For contractors, there seems to be a reluctance to speak directly to the executive order. Statements I’ve received from companies focus on how they pride in their diversity and will continue to foster a culture of where diversity and inclusion are valued.
But with one notable exception, no one is outright saying that the executive order is a bad idea.
Two of the primary GovCon industry groups we follow have largely been silent -- the Professional Services Council and the National Defense Industry Association.
The IT Industry Council by comparison issued a strong statement condemning the executive order as a step backwards. That’s the one exception I mentioned. ITI's membership base is primarily commercial tech companies, of which some have significant government footprints but certainly not all.
I'm told both PSC and NDIA are working on a response, but I can’t see it being as forceful as the ITI statement.
After all, how much can industry or even individual companies push back against the hand that feeds them? Though I can see an argument coming that the executive order creates a regulatory burden for industry as well as meddling too much into the internal practices of a private sector company.
In a letter to members WT obtained, PSC laid out several issues raised in the executive order that potentially impact contractors. Those include requirements that industry continue to comply with Title VII of the 1964 Civil Rights Act that prohibits discrimination based on race, color, religion, sex or national origin.
In other words, you have to comply with the Civil Rights Act but apparently there is some invisible line you’re not supposed to cross.
A second point raised in PSC's letter is how the Labor Department has 30 days from the Sept. 22 executive order to publish a Federal Register notice requiring contractors to provide information on diversity training and workshops they provide, along with copies of the training. That means the requirement will go out on or around Oct. 22.
Many companies offer services such as LinkedIn and Udemy to their employees for all kinds of training. I guess they will have to inventory all of that.
The Labor Department also will be creating a hotline for those who want to lodge complaints about the training with the government. I have some thoughts on the toll-free number they can use, but will keep those to myself for now.

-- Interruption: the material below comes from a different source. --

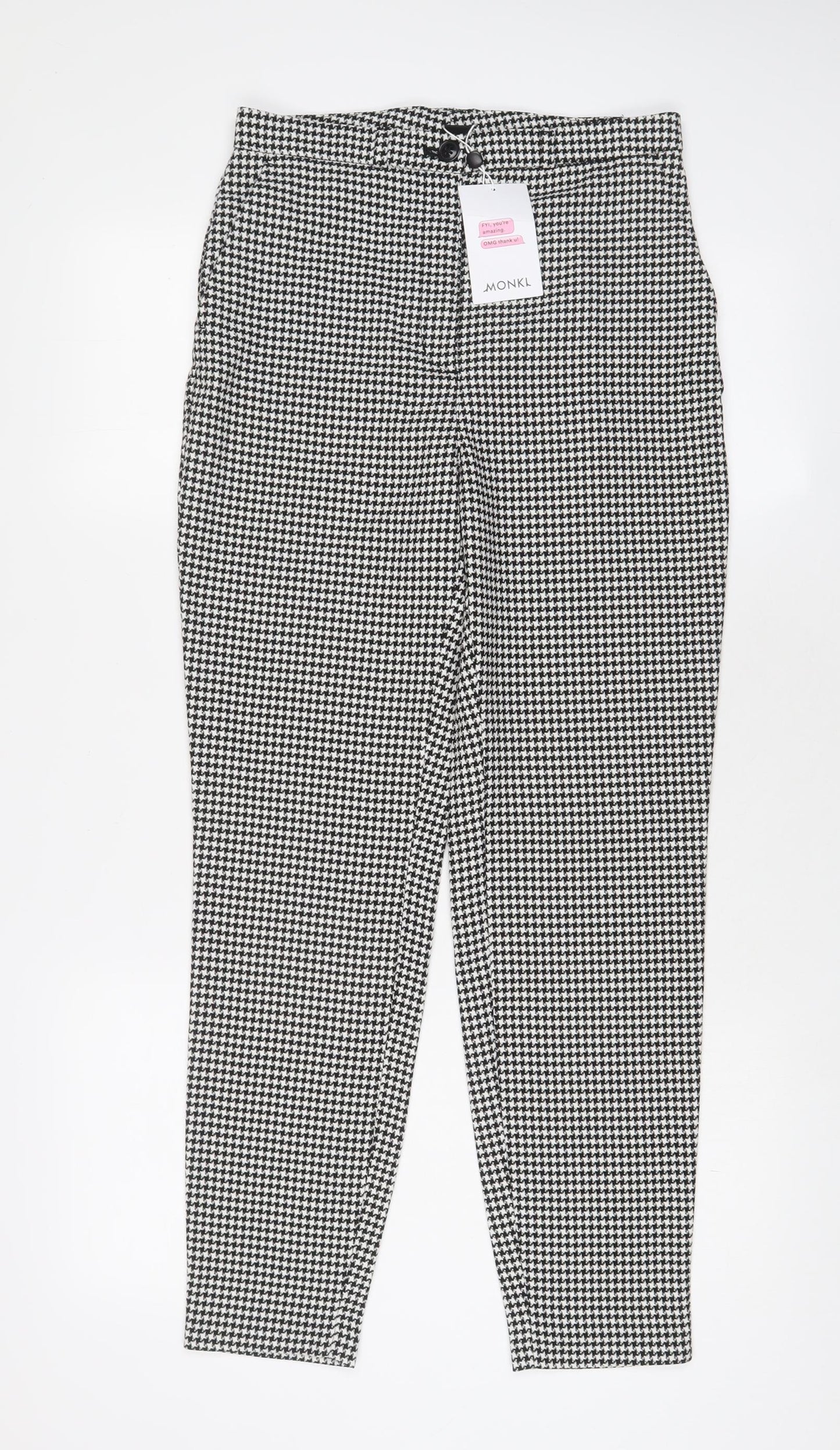 Monki Womens Black Herringbone Polyester Trousers Size 8 L28 in Regular Zip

The Office of Management and Budget also is supposed to collect and review all contract spending on diversity and inclusion training that federal employees received during fiscal 2020. Much of that training is provided by contractors of course, which raises the specter of cancelled contracts or contracts that aren’t extended.
The provisions specific to contract clauses will take effect 60 days after the executive order was issued. So apparently an interim rule is supposed to be issued outlining compliance in November, after the election by a few weeks.
PSC said in its letter that it doesn’t expect any agencies to do anything until after the interim rule is issued and they have more guidance from OMB and the Federal Acquisition Regulation Council, as well as the Office of Federal Contract Compliance Programs at the Labor Department.
But with the interim rule coming out after the election, there’s another question -- what if Trump loses and Joe Biden wins?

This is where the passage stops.